→ Task inputs:
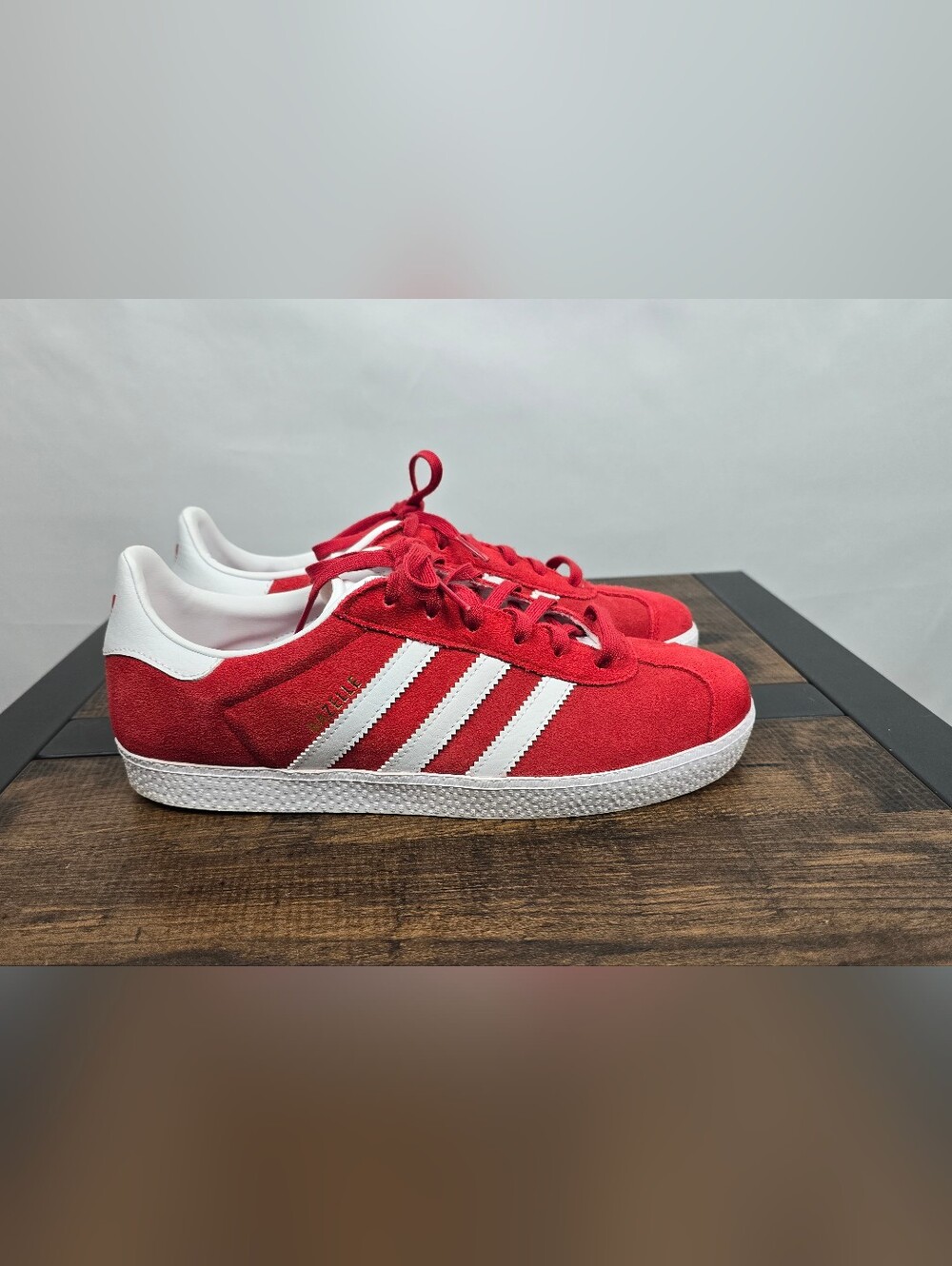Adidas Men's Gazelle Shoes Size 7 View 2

---

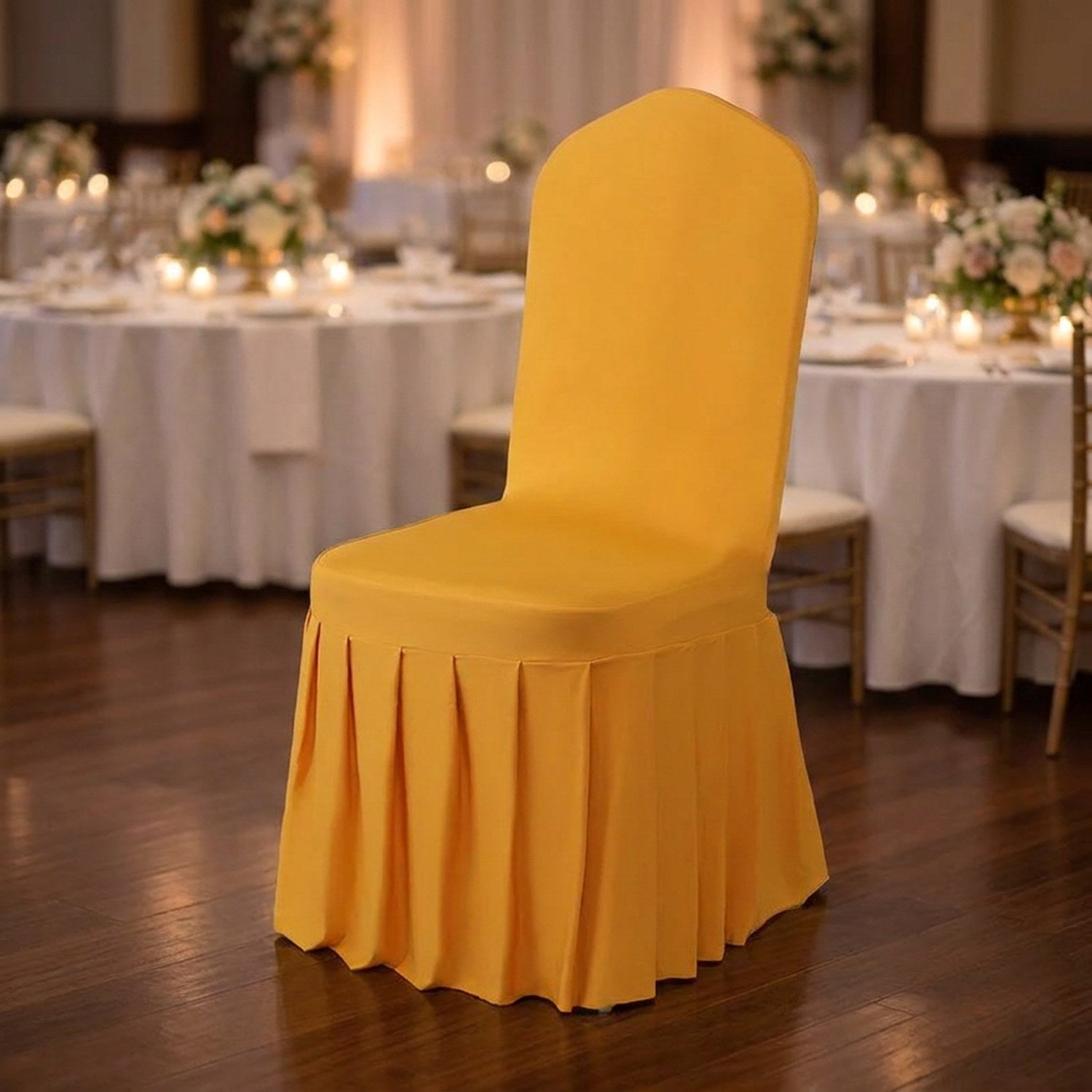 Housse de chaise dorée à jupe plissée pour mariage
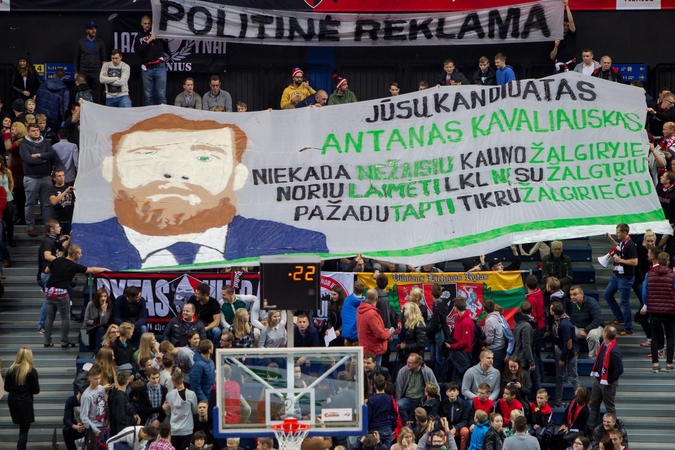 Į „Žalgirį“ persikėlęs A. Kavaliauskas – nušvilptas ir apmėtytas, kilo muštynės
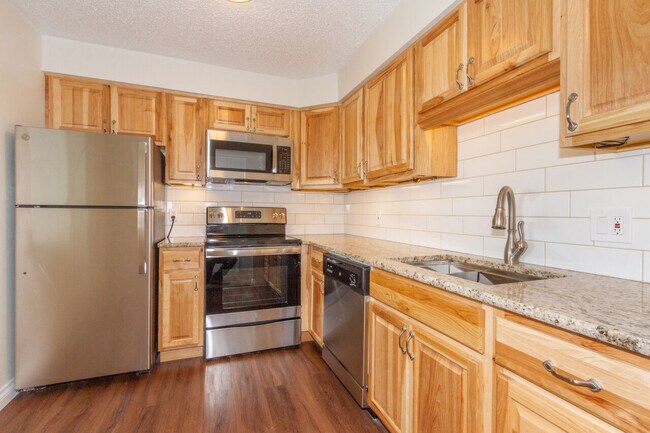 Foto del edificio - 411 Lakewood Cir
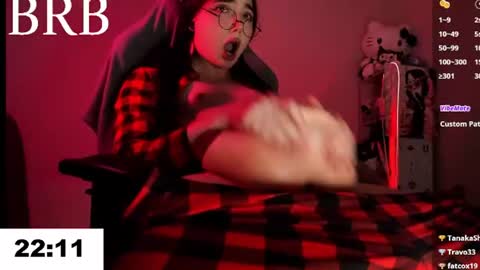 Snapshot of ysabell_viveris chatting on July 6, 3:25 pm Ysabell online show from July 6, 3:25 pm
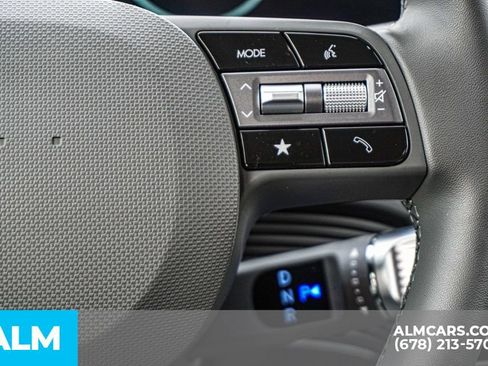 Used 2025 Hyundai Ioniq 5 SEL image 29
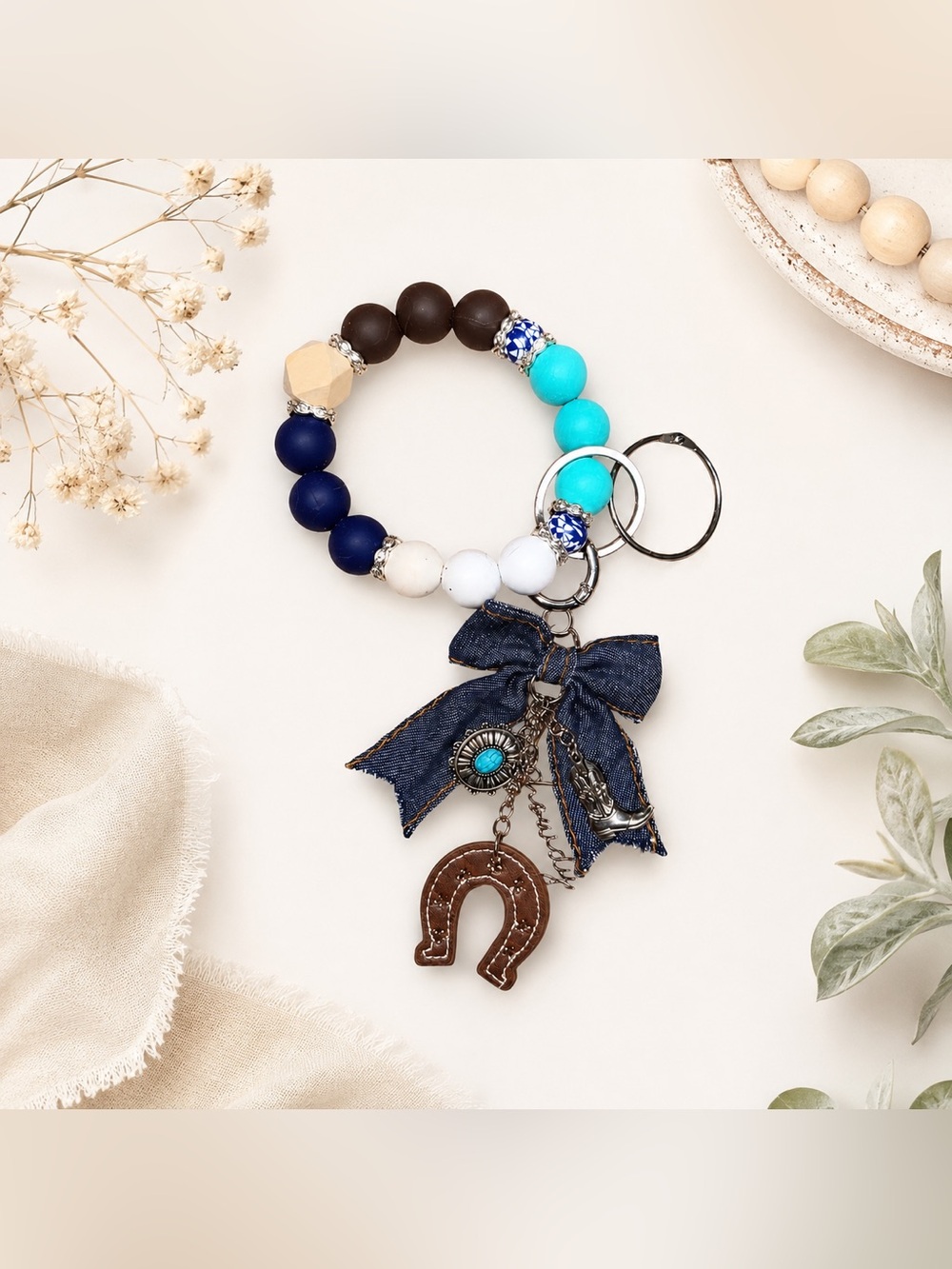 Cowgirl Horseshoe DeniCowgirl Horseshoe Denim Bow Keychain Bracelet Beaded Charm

→ Exercise prompt:
Copy back exactly the lines above from the one containing "Used 2025 Hyundai Ioniq 5 SEL image 29" through the one containing "Cowgirl Horseshoe DeniCowgirl", and leave every picture behind.

→ Exercise answer:
 Used 2025 Hyundai Ioniq 5 SEL image 29
 Cowgirl Horseshoe DeniCowgirl Horseshoe Denim Bow Keychain Bracelet Beaded Charm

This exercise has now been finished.